Errata

Cassandra: The Definitive Guide

Errata for Cassandra: The Definitive Guide

Submit your own errata for this product.

The errata list is a list of errors and their corrections that were found after the product was released. If the error was corrected in a later version or reprint the date of the correction will be displayed in the column titled "Date Corrected".

The following errata were submitted by our customers and approved as valid errors by the author or editor.

Color key: Serious technical mistake Minor technical mistake Language or formatting error Typo Question Note Update

Version Location Description Submitted By Date submitted Date corrected
NA
NA

As this is on Safari, I can't list the page number or location on the page.

In chapter 4, "The Cassandra Query Language", section "Secondary Indexes", there is the following statement:

"Note that for maps in particular, we have the option of indexing either the keys, via the syntax KEYS(addresses), or the values, which is the default. You may not create indexes on both the keys and values of a map."

This may have been true for the version used when writing this book, but it's not the case for the most recent version of Cassandra, and it's not clear exactly how far back this was not the case.

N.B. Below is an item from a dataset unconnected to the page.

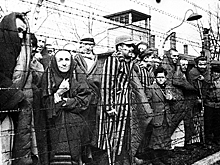 Дипломаты РФ и жители Германии почтили память погибших в концлагере Бухенвальд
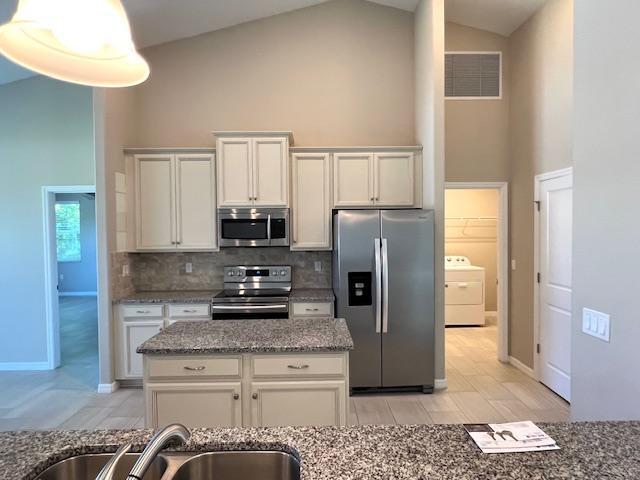 Photo - 1 Waldorf Pl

I have not personally verified this, but I cite the following from the #cassandra IRC channel:
------------------
davidmichaelkarr> David M. Karr Question about indexes. I found the following statement in "C:TDG": "Note that for maps in particular, we have the option of indexing either the keys, via the syntax KEYS(addresses), or the values, which is the default. You may not create indexes on both the keys and values of a map."
11:51:05 → nosukker joined (268c303a@gateway/web/cgi-irc/kiwiirc.com/ip.38.140.48.58)
11:51:41
<davidmichaelkarr> David M. Karr Is that saying you can't create a single index covering both the keys and the values, or is it saying that a particular map column cannot have both its keys and values indexed?
11:52:44
<thobbs> Tyler Hobbs davidmichaelkarr: I think it's saying both, but not all of that is necessarily true in recent C* versions
11:52:57 first, you can create an index on key-value pairs
11:53:09 and second, iirc, in 3.0+ you can index both keys and values separately
11:53:27 that might have actually been added in some later 3.x, but I think it's true in 3.0
11:53:36
<davidmichaelkarr> David M. Karr thobbs: Ok, so it's just not accurate for recent versions then. Ok.
11:53:59
<thobbs> Tyler Hobbs right
------------------

Note from the Author or Editor:
The change to allow both keys and values to be indexed appears to have been added in the 2.2 release (compare https://docs.datastax.com/en/cql/3.3/cql/cql_using/useIndexColl.html with https://docs.datastax.com/en/cql/3.1/cql/ddl/ddlIndexColl.html)

Please change the text:

"Note that for maps in particular, we have the option of indexing either the keys, via the syntax KEYS(addresses), or the values, which is the default. You may not create indexes on both the keys and values of a map."

to

"Note that for maps in particular, we have the option of indexing either the keys, via the syntax KEYS(addresses), or the values (which is the default), or both (in Cassandra 2.2 or later)."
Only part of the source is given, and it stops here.